I hardly ever eat any of my peppers fresh, mostly because the variety I grow have very tough skins, but also because I think they just taste better preserved. It’s a bit like the difference between milk and cheese I guess. But I don’t mean just any method of preservation. Vinegar is brutish stuff and obliterates the complexity and finesse of a good pepper. Drying is fine if you plan to use your peppers in soups, stews, stocks or ground into homemade paprika, but the very best way, with the most versatile results, is strangely little-known and rarely practised in these parts. Effectively just a stripped back version of the water bath method, it has been used around the shores of Mediterranean for hundreds of years. It can be used to preserve many other fruits and vegetables (and even tuna!).
In the case of peppers, the process starts off in a very primal way, with the cleansing lick of the flame. Pepper skins are literally indigestible to humans and pretty unpalatable too. The only practical way to be rid of them is by chargrilling.
This can be done under the grill of an electric oven or directly over the flame of a gas BBQ, but for the best results you need the subtle seasoning of wood smoke. There is no need to get an actual pyre going in your backyard – this is probably illegal where you live anyway and takes forever to get going anyway. My preferred short cut is to drop down the grill on my gas BBQ until the flames are licking through, and then make a small pile of twigs (grape and fruit tree prunings work really well) ontop. Lay the peppers (whole unless you want to save the seeds) on the twigs, and keep turning them until blackened all over. The idea is to scorch the skin not immolate the fruit, so don’t wander off at this point. The twigs will burn down fairly quickly so keep replenishing. As individual peppers are ready, drop them into a waiting plastic bag and cover them up. The steam inside the bag will help loosen the skins later.
Once all your peppers are burnt black and bagged, leave them to sweat it out a bit. About 15 minutes will do.

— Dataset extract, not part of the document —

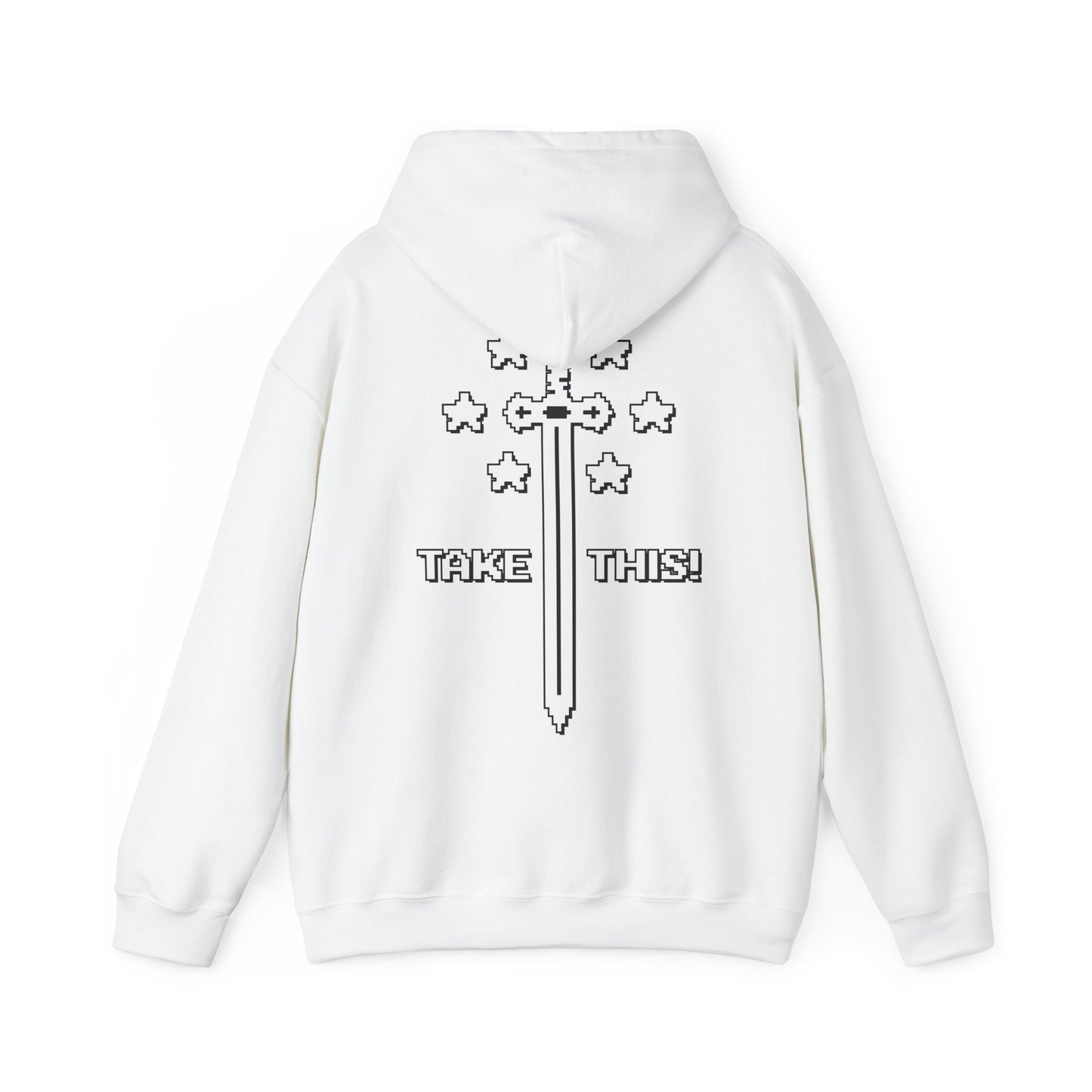 8-Bit Phi Delta Theta Hoodie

Next, under a running tap, slip the skins from the peppers – they should come away very easily – and pull out the core. Rinse away any loose seeds or flecks of burnt skin. Now firmly pack the peppers into preserving jars with sealable metal lids, and top with a few basils leaves and a teaspoon of salt to each cup volume of peppers. Seal the lids very tightly. Wrap each jar in either newspaper or a tea towel (this prevents breakages), and submerge in a large pot of water. Bring the water to the boil and continue to boil for 20 minutes. Remove pot from heat and allow to cool.
Once cool, carefully unwrap each jar, dry and briefly invert to ensure there is no leakage.
The peppers will have lost volume and will not be fully submerged in the pepper syrup that has formed. This is quite normal. Don’t worry. Until opened, the peppers will remain completely safe and sterile.
These peppers can be used immediately but improve with age. They keep unopened for at least a few years and probably much longer.
I use my preserved pepper on pizza, tossed through pasta, in salads, on toast, crackers, pretty much anywhere and at anytime. They are my most treasured pantry item and I’m very loathe to share them.